How Python Can Help With Technical SEO

Python empowers SEO professionals in a number of ways due to its ability to automate repetitive, low-level tasks that typically take a lot of time to complete.

This means we have more time (and energy) to spend on important strategic work and optimization efforts that cannot be automated.

It also enables us to work more efficiently with large amounts of data in order to make more data-driven decisions, which can in turn provide valuable returns on our work, and our clients’ work.

Continue Reading Below

In fact, a study from McKinsey Global Institute found that data-driven organizations were 23 times more likely to acquire customers and six times as likely to retain those customers.

It’s also really helpful for backing up any ideas or strategies you have because you can quantify it with the data that you have and make decisions based on that, while also having more leverage power when trying to get things implemented.

Adding Python to Your SEO Workflow

The best way to add Python into your workflow is to:

Think about what can be automated, especially when performing tedious tasks.
Identify any gaps in the analysis work you are performing, or have completed.

I have found that another useful way to get started learning is to use the data you already have access to, and extract valuable insights from it using Python.

This is how I have learned most of the things I will be sharing in this article.

Continue Reading Below

Learning Python isn’t necessary in order to become a good SEO pro, but if you’re interested in finding more about how it can help get ready to jump in.

What You Need to Get Started

In order to get the best results from this article there are a few things you will need:

Some data from a website (e.g., a crawl of your website, Google Analytics, or Google Search Console data).
An IDE (Integrated Development Environment) to run code on, for getting started I would recommend Google Colab or Jupyter Notebook.
An open mind. This is perhaps the most important thing, don’t be afraid to break something or make mistakes, finding the cause of an issue and ways to fix it is a big part of what we do as SEO professionals, so applying this same mentality to learning Python is helpful to take any pressure off.

1. Trying Out Libraries

A great place to get started is to try out some of the many libraries which are available to use in Python.

There are a lot of libraries to explore, but three that I find most useful for SEO related tasks are Pandas, Requests, and Beautiful Soup.

Pandas

Pandas is a Python library used for working with table data, it allows for high-level data manipulation where the key data structure is a DataFrame.

DataFrames are essentially Pandas’ version of an Excel spreadsheet, however, it is not limited to Excel’s row and byte limits and also much faster and therefore efficient compared to Excel.

The best way to get started with Pandas is to take a simple CSV of data, for example, a crawl of your website, and save this within Python as a DataFrame.

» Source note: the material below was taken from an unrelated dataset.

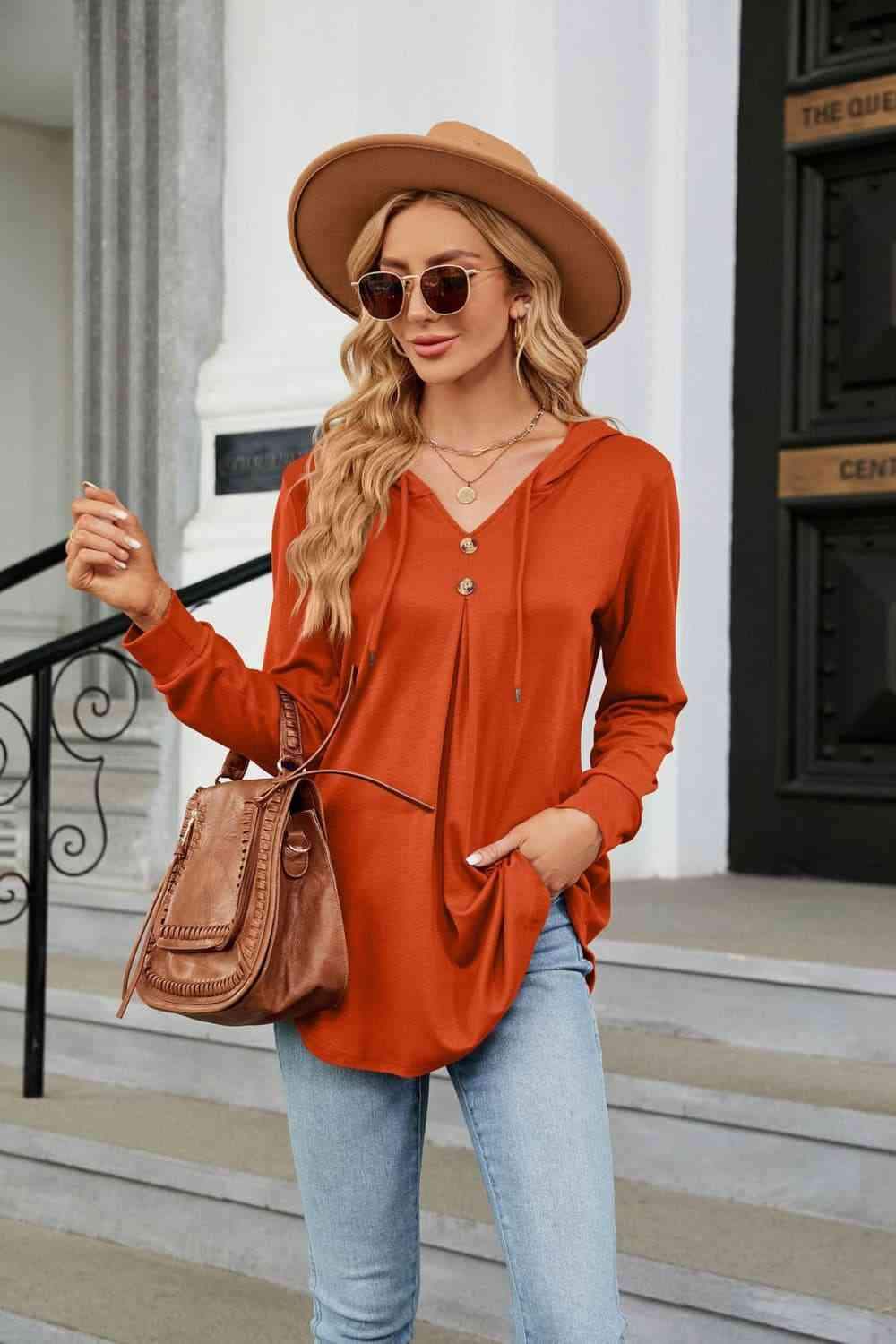 Long Sleeve Hooded Blouse Orange Blouses - Tophatter Daily Deals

Once you have this store you’ll be able to perform a number of different analysis tasks, including aggregating, pivoting, and cleaning data.

Continue Reading Below

import pandas as pd
df = pd.read_csv("/file_name/and_path")
df.head

Requests

The next library is called Requests, which is used to make HTTP requests in Python.

It uses different request methods such as GET and POST to make a request, with the results being stored in Python.

One example of this in action is a simple GET request of URL, this will print out the status code of a page, which can then be used to create a simple decision-making function.

import requests

#Print HTTP response from page 
response = requests.get('https://www.deepcrawl.com')
print(response)

#Create decision making function 
if response.status_code == 200:
    print('Success!')
elif response.status_code == 404:
    print('Not Found.')

You can also use different requests, such as headers, which displays useful information about the page such as the content type and a time limit on how long it took to cache the response.

#Print page header response
headers = response.headers
print(headers)

#Extract item from header response
response.headers['Content-Type']

Rquest Content

There is also the ability to simulate a specific user agent, such as Googlebot, in order to extract the response this specific bot will see when crawling the page.

Continue Reading Below

headers = {'User-Agent': 'Mozilla/5.0 (compatible; Googlebot/2.1; +http://www.google.com/bot.html)'}
ua_response = requests.get('https://www.deepcrawl.com/', headers=headers)
print(ua_response)

Beautiful Soup

The final library is called Beautiful Soup, which is used to extract data from HTML and XML files.

It’s most often used for web scraping as it can transform an HTML document into different Python objects.

For example, you can take a URL and using Beautiful Soup, together with the Requests library, extract the title of the page.

#Beautiful Soup 
from bs4 import BeautifulSoup 
import requests 

#Request URL to extract elements from
url="https://www.deepcrawl.com/knowledge/technical-seo-library/"
req = requests.get(url)
soup = BeautifulSoup(req.text, "html.parser")

#Print title from webpage 
title = soup.title
print(title)

Additionally, Beautiful Soup enables you to extract other elements from a page such as all a href links that are found on the page.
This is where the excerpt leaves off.